**Task directions:**
Below are lines of data, and only some are wanted. Please repeat exactly those from the line that has "Taza De Cristal" through the line that has "Dining Table Set".

**Input for this task:**

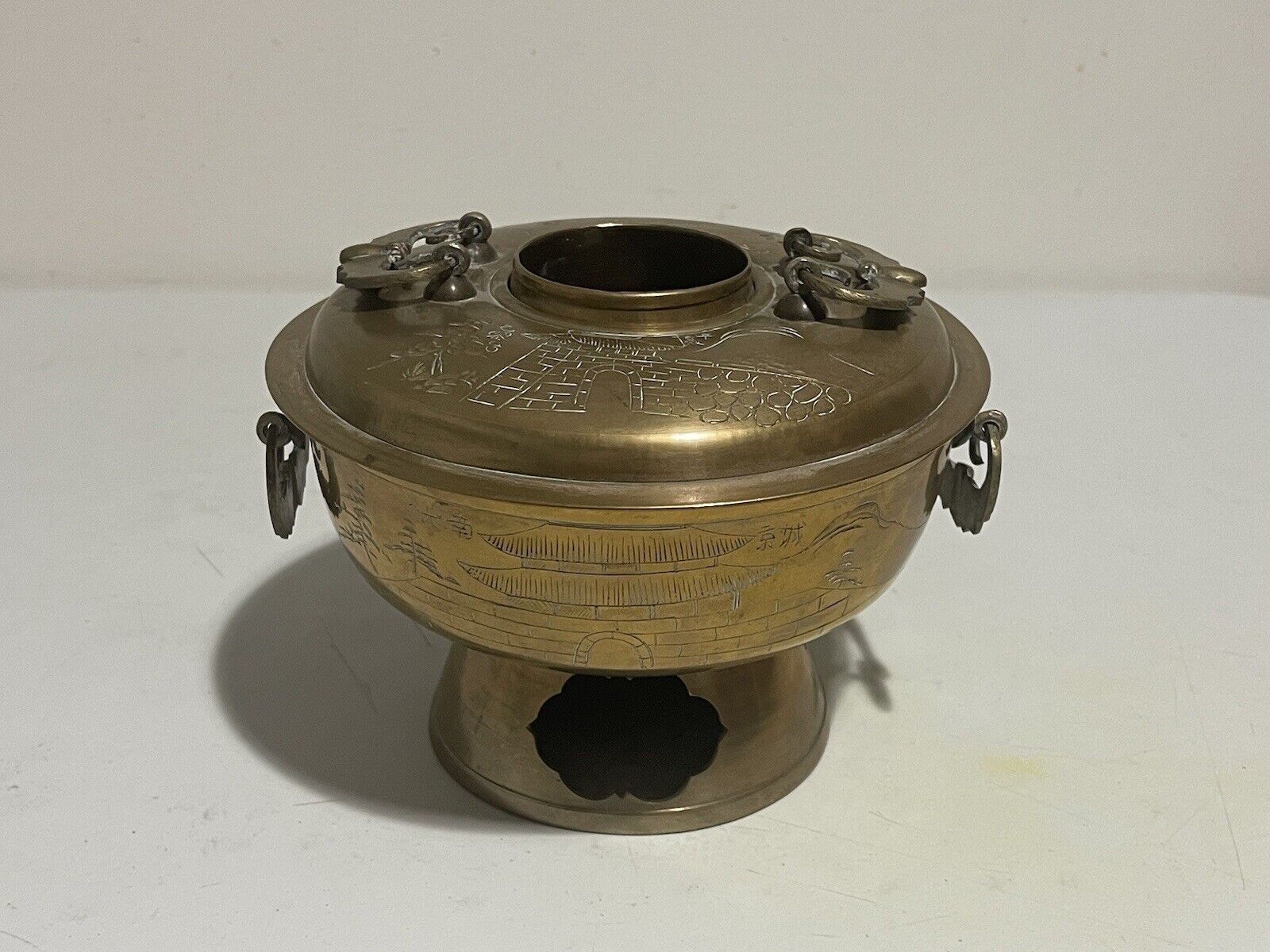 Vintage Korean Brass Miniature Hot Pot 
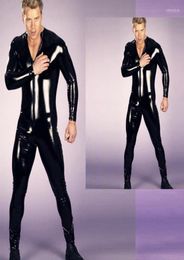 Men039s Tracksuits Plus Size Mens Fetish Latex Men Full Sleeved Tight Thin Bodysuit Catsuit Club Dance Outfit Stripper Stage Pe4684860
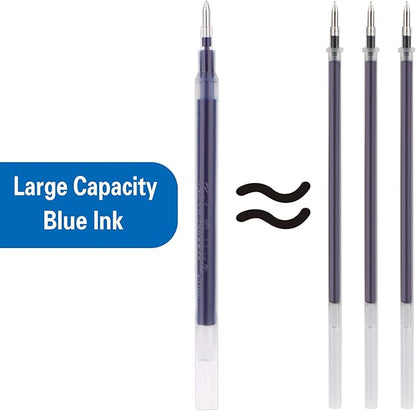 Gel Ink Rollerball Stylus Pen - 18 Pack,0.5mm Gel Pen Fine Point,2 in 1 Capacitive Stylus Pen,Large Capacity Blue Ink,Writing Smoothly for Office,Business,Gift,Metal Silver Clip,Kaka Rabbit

...

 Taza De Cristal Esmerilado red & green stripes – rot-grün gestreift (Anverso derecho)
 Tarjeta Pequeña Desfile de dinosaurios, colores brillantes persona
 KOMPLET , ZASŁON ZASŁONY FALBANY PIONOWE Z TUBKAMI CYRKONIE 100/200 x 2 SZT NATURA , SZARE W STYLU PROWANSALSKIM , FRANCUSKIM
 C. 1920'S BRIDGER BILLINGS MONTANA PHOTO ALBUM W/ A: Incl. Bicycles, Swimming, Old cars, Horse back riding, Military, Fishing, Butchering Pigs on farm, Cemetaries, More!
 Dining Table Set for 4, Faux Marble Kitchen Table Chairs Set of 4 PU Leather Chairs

**Response to the exercise:**
 Taza De Cristal Esmerilado red & green stripes – rot-grün gestreift (Anverso derecho)
 Tarjeta Pequeña Desfile de dinosaurios, colores brillantes persona
 KOMPLET , ZASŁON ZASŁONY FALBANY PIONOWE Z TUBKAMI CYRKONIE 100/200 x 2 SZT NATURA , SZARE W STYLU PROWANSALSKIM , FRANCUSKIM
 C. 1920'S BRIDGER BILLINGS MONTANA PHOTO ALBUM W/ A: Incl. Bicycles, Swimming, Old cars, Horse back riding, Military, Fishing, Butchering Pigs on farm, Cemetaries, More!
 Dining Table Set for 4, Faux Marble Kitchen Table Chairs Set of 4 PU Leather Chairs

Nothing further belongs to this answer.